3 13) In violation of the supervision condition that he not access the Internet, on October 3, 2014, he admitted to polygraph examiner Ronald Russell that he input personal information online while registering for barber college without the permission of the Court.

Appellant pleaded “not true” to the allegations that he violated supervision

provisions by admitting to polygraph examiner Ronald Russel that he (1) in August

2014, exposed his penis to a girl that he was later informed was a minor, (2)
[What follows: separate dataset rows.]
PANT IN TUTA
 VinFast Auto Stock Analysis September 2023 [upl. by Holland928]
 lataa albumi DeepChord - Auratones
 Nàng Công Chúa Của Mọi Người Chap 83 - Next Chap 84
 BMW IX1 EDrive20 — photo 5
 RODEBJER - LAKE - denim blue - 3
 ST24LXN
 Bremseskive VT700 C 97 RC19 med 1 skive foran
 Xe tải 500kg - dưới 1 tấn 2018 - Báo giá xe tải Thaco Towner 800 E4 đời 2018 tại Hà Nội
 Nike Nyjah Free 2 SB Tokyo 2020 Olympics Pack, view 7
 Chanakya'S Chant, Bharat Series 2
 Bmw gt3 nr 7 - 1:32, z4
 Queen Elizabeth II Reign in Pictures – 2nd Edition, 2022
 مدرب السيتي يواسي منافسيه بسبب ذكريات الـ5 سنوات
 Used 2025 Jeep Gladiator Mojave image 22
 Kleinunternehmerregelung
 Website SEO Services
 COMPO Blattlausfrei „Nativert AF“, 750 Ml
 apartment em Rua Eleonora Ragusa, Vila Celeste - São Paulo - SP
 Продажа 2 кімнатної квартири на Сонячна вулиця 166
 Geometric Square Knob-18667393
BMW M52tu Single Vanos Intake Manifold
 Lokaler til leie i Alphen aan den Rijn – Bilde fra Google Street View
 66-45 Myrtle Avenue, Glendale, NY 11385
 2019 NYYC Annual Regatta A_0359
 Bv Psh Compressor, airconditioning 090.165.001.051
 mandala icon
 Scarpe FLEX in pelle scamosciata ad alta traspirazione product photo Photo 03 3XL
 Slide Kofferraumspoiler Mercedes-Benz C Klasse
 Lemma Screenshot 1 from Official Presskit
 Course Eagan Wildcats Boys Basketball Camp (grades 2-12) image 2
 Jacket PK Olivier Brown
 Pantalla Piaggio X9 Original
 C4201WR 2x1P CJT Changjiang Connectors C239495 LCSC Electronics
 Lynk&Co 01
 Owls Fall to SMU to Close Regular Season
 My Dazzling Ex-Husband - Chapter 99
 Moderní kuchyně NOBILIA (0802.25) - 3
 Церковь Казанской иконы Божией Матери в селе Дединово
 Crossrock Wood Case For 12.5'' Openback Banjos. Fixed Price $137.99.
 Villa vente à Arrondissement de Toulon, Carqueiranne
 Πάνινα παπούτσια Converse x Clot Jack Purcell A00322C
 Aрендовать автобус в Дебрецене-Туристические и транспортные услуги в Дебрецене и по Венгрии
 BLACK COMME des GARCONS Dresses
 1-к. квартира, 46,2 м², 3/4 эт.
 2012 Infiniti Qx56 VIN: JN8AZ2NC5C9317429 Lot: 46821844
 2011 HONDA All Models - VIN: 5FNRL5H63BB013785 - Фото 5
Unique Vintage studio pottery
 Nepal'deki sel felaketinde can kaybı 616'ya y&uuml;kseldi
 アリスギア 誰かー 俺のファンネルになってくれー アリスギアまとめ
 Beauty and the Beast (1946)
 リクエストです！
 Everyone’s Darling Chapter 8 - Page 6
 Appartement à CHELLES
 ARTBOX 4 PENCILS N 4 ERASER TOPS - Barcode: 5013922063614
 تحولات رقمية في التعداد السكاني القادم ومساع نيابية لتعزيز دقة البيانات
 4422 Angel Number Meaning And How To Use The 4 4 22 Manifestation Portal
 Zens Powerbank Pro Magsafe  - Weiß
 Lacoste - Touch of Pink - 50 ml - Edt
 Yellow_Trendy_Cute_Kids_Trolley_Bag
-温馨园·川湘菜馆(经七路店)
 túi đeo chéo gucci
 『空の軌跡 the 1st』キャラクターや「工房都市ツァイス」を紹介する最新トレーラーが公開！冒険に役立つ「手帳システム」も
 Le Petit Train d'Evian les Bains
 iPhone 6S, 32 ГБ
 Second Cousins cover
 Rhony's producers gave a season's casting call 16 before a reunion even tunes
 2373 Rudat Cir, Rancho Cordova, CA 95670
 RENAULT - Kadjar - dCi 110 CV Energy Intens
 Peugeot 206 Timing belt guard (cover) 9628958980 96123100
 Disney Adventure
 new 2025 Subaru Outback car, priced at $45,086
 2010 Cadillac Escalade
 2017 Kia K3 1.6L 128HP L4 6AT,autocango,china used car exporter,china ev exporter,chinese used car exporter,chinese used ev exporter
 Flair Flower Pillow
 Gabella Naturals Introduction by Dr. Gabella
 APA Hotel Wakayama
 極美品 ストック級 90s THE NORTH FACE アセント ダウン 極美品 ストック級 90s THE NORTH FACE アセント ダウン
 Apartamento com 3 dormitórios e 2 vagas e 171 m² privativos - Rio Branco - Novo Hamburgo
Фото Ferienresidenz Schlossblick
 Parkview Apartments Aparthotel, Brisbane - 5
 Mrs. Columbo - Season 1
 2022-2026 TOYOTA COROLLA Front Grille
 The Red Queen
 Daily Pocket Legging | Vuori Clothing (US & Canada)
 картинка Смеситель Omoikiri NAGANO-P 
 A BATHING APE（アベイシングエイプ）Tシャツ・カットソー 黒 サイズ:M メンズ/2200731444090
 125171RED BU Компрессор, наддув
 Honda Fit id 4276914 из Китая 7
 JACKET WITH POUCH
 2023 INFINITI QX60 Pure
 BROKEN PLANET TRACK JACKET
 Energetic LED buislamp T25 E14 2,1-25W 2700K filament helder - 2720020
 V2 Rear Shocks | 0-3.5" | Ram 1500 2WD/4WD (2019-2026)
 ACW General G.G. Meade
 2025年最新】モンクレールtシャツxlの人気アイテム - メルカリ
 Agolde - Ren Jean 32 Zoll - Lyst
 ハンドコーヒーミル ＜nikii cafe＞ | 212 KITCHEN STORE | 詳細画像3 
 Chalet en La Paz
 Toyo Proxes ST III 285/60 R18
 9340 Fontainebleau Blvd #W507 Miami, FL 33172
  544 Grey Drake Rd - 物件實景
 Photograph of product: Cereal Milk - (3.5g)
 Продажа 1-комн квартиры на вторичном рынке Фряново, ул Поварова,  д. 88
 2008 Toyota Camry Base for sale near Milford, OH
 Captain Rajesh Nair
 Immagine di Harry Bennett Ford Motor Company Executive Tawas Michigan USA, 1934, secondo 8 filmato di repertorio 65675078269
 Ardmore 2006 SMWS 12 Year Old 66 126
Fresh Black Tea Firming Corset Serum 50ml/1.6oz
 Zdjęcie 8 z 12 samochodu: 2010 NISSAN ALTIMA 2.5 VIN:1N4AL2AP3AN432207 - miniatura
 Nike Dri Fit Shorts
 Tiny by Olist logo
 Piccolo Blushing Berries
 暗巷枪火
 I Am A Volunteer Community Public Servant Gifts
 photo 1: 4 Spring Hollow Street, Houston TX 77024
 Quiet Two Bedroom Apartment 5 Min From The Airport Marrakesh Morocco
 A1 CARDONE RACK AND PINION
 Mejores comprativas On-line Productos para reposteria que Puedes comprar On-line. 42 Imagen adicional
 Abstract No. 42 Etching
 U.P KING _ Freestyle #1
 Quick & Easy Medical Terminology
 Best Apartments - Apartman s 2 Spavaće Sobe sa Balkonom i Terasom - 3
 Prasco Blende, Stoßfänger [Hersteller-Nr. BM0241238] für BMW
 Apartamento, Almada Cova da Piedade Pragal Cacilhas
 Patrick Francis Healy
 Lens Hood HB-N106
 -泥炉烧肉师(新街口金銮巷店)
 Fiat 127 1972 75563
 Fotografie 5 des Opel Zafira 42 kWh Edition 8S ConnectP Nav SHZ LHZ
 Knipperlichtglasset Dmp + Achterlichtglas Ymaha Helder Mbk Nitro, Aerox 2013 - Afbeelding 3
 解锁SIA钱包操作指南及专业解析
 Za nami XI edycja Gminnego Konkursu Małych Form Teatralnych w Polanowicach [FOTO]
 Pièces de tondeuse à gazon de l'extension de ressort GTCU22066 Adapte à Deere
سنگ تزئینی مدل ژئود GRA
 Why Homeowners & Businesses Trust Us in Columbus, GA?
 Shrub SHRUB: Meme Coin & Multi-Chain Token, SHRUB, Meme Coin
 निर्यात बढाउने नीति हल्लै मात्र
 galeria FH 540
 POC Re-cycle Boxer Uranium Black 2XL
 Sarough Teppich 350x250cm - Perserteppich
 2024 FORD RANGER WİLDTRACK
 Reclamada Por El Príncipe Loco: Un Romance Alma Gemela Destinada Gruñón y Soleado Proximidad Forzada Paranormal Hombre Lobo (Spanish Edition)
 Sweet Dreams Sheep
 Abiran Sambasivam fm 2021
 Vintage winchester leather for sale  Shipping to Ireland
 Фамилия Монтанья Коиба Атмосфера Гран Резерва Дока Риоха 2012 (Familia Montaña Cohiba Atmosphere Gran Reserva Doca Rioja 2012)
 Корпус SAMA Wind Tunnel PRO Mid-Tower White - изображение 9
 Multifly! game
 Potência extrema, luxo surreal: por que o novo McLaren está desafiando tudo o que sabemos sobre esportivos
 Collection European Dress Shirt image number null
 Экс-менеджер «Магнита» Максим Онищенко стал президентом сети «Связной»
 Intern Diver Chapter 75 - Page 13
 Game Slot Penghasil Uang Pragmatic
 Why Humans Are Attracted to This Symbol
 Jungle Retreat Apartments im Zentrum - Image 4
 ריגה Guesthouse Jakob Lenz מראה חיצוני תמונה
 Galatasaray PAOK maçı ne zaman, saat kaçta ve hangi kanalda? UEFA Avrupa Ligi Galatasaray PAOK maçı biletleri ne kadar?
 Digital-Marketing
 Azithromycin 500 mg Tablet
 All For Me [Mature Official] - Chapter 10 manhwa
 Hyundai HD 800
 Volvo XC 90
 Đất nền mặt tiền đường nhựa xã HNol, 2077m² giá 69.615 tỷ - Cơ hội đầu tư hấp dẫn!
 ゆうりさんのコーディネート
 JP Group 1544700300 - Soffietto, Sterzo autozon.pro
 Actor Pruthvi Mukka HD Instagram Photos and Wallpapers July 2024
watched a 16-year-old girl on a swing at the park and talked to her, (3) accessed

the Internet on his smart phone to look at maps, and (4) accessed the Internet on his

smart phone to listen to music.

2. Testimony by Ronald Russell, polygraph examiner

Russell testified to performing polygraph tests for over 11 years, covering

about 10,000 cases. Through his nine-year contract with Harris County, he

primarily works with sex-offender probationers that are sent to him to determine

compliance with their conditions. He testified to giving appellant a pre-interview

questionnaire to complete. He then recorded a little more than an hour of a pre-

polygraph-test interview of appellant, and recorded the 30-minute polygraph test.

The State did not seek to introduce the results or recording of the polygraph

examination into evidence, but offered only the questionnaire answers and the

recording of the pre-polygraph interview, as well as a handwritten statement by

appellant made after the polygraph test. The trial court admitted each of these into

evidence at the hearing.

4 Russell testified his job was to interview appellant, perform the polygraph

examination, and then report the results to appellant’s probation officer and to his

sex-offender treatment provider, Raymond Johnson.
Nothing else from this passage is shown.